--- START ---

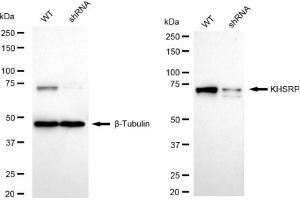 Western blotting analysis using KHSRP antibody (ABIN7799194).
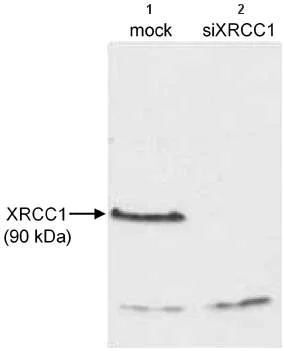 Western blot - Anti-XRCC1 antibody (AB9147)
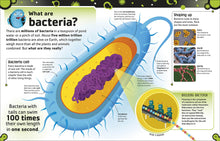Load image into Gallery viewer, The Bacteria Book: The Big World of Really Tiny Microbes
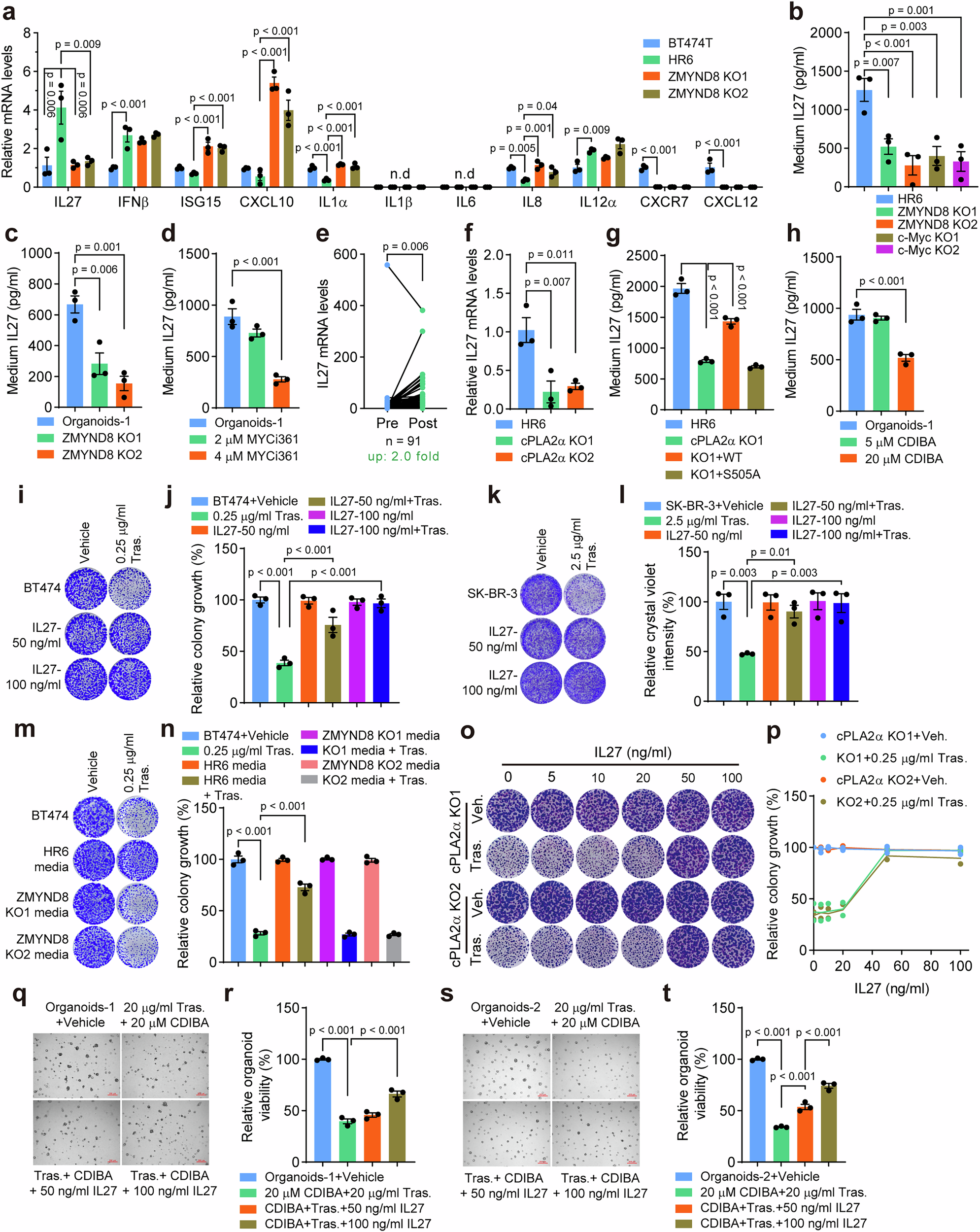 Fig. 8: cPLA2α induces IL-27 secretion leading to HER2 antibody resistance in HER2+ breast cancer.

--- END ---

Work instructions:
Your answer should reproduce every line of the data verbatim and include no images.

Your solution:
 Western blotting analysis using KHSRP antibody (ABIN7799194).
 Western blot - Anti-XRCC1 antibody (AB9147)
Load image into Gallery viewer, The Bacteria Book: The Big World of Really Tiny Microbes
 Fig. 8: cPLA2α induces IL-27 secretion leading to HER2 antibody resistance in HER2+ breast cancer.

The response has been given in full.